*TASK GOAL*: The full set of entries below must be returned exactly as shown.
=-=-=
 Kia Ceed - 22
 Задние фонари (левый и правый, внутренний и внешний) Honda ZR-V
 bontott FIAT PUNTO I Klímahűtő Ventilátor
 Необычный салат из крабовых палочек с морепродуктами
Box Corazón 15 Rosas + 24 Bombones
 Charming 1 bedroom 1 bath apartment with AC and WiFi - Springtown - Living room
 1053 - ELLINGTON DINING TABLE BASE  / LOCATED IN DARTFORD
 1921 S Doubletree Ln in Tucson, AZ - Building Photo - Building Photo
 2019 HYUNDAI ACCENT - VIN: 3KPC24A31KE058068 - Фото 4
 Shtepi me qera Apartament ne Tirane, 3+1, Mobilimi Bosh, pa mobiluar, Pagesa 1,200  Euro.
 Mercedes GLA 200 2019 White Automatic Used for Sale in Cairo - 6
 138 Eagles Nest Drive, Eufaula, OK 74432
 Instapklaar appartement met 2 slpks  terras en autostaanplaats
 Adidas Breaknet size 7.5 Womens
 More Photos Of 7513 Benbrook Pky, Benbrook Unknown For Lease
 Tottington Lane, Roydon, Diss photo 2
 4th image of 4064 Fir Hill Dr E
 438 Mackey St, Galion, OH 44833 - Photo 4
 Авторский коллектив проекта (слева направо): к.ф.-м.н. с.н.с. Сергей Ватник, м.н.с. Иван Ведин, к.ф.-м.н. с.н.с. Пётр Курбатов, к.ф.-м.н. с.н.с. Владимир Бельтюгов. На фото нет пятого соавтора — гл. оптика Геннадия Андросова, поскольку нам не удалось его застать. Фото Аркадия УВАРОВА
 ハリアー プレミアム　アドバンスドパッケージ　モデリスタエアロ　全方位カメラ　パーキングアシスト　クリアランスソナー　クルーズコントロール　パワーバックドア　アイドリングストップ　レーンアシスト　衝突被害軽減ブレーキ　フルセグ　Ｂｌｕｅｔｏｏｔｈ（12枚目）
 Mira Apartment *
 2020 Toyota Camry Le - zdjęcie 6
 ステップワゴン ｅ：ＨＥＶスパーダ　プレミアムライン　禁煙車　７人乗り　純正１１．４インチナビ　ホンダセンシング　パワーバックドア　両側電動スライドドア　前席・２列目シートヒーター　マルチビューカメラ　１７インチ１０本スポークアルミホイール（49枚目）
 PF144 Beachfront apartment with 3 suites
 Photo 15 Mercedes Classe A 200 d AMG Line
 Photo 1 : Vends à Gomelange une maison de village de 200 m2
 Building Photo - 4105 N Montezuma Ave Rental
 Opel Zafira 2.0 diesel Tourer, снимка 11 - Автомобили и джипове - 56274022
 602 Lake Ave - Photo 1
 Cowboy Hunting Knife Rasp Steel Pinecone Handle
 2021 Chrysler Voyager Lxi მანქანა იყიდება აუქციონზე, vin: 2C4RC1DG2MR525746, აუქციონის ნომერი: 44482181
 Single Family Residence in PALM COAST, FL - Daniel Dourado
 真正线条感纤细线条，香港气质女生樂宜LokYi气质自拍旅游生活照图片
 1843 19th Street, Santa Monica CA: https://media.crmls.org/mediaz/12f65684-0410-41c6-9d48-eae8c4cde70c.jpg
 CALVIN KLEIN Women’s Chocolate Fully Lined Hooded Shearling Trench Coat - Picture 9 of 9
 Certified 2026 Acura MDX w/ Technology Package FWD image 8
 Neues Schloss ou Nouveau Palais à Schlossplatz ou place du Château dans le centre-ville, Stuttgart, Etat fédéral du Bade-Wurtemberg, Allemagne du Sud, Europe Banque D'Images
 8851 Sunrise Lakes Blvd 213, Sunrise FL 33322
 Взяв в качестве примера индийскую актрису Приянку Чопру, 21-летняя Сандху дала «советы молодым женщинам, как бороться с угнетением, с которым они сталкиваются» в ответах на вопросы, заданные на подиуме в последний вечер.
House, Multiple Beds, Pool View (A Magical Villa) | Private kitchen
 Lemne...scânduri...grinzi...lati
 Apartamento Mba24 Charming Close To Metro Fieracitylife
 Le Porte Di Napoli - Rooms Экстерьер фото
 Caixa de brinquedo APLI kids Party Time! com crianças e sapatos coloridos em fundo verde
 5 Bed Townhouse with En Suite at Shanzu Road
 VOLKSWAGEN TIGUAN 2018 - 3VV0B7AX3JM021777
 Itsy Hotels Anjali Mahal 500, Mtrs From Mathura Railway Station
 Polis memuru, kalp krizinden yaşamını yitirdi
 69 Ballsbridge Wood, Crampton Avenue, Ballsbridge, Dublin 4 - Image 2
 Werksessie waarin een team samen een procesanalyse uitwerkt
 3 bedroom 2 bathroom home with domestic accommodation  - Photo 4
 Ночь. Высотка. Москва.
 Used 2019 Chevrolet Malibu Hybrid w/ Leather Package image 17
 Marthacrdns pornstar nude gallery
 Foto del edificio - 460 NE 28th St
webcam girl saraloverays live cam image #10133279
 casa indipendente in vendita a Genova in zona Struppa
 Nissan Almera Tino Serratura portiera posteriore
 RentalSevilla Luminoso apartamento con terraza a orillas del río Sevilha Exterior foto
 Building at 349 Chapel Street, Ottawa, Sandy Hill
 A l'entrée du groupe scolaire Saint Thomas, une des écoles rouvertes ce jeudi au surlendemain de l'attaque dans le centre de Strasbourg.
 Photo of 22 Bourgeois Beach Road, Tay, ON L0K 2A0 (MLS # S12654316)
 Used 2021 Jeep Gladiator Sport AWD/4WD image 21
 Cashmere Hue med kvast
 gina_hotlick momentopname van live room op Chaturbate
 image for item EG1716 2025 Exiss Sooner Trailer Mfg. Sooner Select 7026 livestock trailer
=-=-=
*EXERCISE RESPONSE*:
 Kia Ceed - 22
 Задние фонари (левый и правый, внутренний и внешний) Honda ZR-V
 bontott FIAT PUNTO I Klímahűtő Ventilátor
 Необычный салат из крабовых палочек с морепродуктами
Box Corazón 15 Rosas + 24 Bombones
 Charming 1 bedroom 1 bath apartment with AC and WiFi - Springtown - Living room
 1053 - ELLINGTON DINING TABLE BASE  / LOCATED IN DARTFORD
 1921 S Doubletree Ln in Tucson, AZ - Building Photo - Building Photo
 2019 HYUNDAI ACCENT - VIN: 3KPC24A31KE058068 - Фото 4
 Shtepi me qera Apartament ne Tirane, 3+1, Mobilimi Bosh, pa mobiluar, Pagesa 1,200  Euro.
 Mercedes GLA 200 2019 White Automatic Used for Sale in Cairo - 6
 138 Eagles Nest Drive, Eufaula, OK 74432
 Instapklaar appartement met 2 slpks  terras en autostaanplaats
 Adidas Breaknet size 7.5 Womens
 More Photos Of 7513 Benbrook Pky, Benbrook Unknown For Lease
 Tottington Lane, Roydon, Diss photo 2
 4th image of 4064 Fir Hill Dr E
 438 Mackey St, Galion, OH 44833 - Photo 4
 Авторский коллектив проекта (слева направо): к.ф.-м.н. с.н.с. Сергей Ватник, м.н.с. Иван Ведин, к.ф.-м.н. с.н.с. Пётр Курбатов, к.ф.-м.н. с.н.с. Владимир Бельтюгов. На фото нет пятого соавтора — гл. оптика Геннадия Андросова, поскольку нам не удалось его застать. Фото Аркадия УВАРОВА
 ハリアー プレミアム　アドバンスドパッケージ　モデリスタエアロ　全方位カメラ　パーキングアシスト　クリアランスソナー　クルーズコントロール　パワーバックドア　アイドリングストップ　レーンアシスト　衝突被害軽減ブレーキ　フルセグ　Ｂｌｕｅｔｏｏｔｈ（12枚目）
 Mira Apartment *
 2020 Toyota Camry Le - zdjęcie 6
 ステップワゴン ｅ：ＨＥＶスパーダ　プレミアムライン　禁煙車　７人乗り　純正１１．４インチナビ　ホンダセンシング　パワーバックドア　両側電動スライドドア　前席・２列目シートヒーター　マルチビューカメラ　１７インチ１０本スポークアルミホイール（49枚目）
 PF144 Beachfront apartment with 3 suites
 Photo 15 Mercedes Classe A 200 d AMG Line
 Photo 1 : Vends à Gomelange une maison de village de 200 m2
 Building Photo - 4105 N Montezuma Ave Rental
 Opel Zafira 2.0 diesel Tourer, снимка 11 - Автомобили и джипове - 56274022
 602 Lake Ave - Photo 1
 Cowboy Hunting Knife Rasp Steel Pinecone Handle
 2021 Chrysler Voyager Lxi მანქანა იყიდება აუქციონზე, vin: 2C4RC1DG2MR525746, აუქციონის ნომერი: 44482181
 Single Family Residence in PALM COAST, FL - Daniel Dourado
 真正线条感纤细线条，香港气质女生樂宜LokYi气质自拍旅游生活照图片
 1843 19th Street, Santa Monica CA: https://media.crmls.org/mediaz/12f65684-0410-41c6-9d48-eae8c4cde70c.jpg
 CALVIN KLEIN Women’s Chocolate Fully Lined Hooded Shearling Trench Coat - Picture 9 of 9
 Certified 2026 Acura MDX w/ Technology Package FWD image 8
 Neues Schloss ou Nouveau Palais à Schlossplatz ou place du Château dans le centre-ville, Stuttgart, Etat fédéral du Bade-Wurtemberg, Allemagne du Sud, Europe Banque D'Images
 8851 Sunrise Lakes Blvd 213, Sunrise FL 33322
 Взяв в качестве примера индийскую актрису Приянку Чопру, 21-летняя Сандху дала «советы молодым женщинам, как бороться с угнетением, с которым они сталкиваются» в ответах на вопросы, заданные на подиуме в последний вечер.
House, Multiple Beds, Pool View (A Magical Villa) | Private kitchen
 Lemne...scânduri...grinzi...lati
 Apartamento Mba24 Charming Close To Metro Fieracitylife
 Le Porte Di Napoli - Rooms Экстерьер фото
 Caixa de brinquedo APLI kids Party Time! com crianças e sapatos coloridos em fundo verde
 5 Bed Townhouse with En Suite at Shanzu Road
 VOLKSWAGEN TIGUAN 2018 - 3VV0B7AX3JM021777
 Itsy Hotels Anjali Mahal 500, Mtrs From Mathura Railway Station
 Polis memuru, kalp krizinden yaşamını yitirdi
 69 Ballsbridge Wood, Crampton Avenue, Ballsbridge, Dublin 4 - Image 2
 Werksessie waarin een team samen een procesanalyse uitwerkt
 3 bedroom 2 bathroom home with domestic accommodation  - Photo 4
 Ночь. Высотка. Москва.
 Used 2019 Chevrolet Malibu Hybrid w/ Leather Package image 17
 Marthacrdns pornstar nude gallery
 Foto del edificio - 460 NE 28th St
webcam girl saraloverays live cam image #10133279
 casa indipendente in vendita a Genova in zona Struppa
 Nissan Almera Tino Serratura portiera posteriore
 RentalSevilla Luminoso apartamento con terraza a orillas del río Sevilha Exterior foto
 Building at 349 Chapel Street, Ottawa, Sandy Hill
 A l'entrée du groupe scolaire Saint Thomas, une des écoles rouvertes ce jeudi au surlendemain de l'attaque dans le centre de Strasbourg.
 Photo of 22 Bourgeois Beach Road, Tay, ON L0K 2A0 (MLS # S12654316)
 Used 2021 Jeep Gladiator Sport AWD/4WD image 21
 Cashmere Hue med kvast
 gina_hotlick momentopname van live room op Chaturbate
 image for item EG1716 2025 Exiss Sooner Trailer Mfg. Sooner Select 7026 livestock trailer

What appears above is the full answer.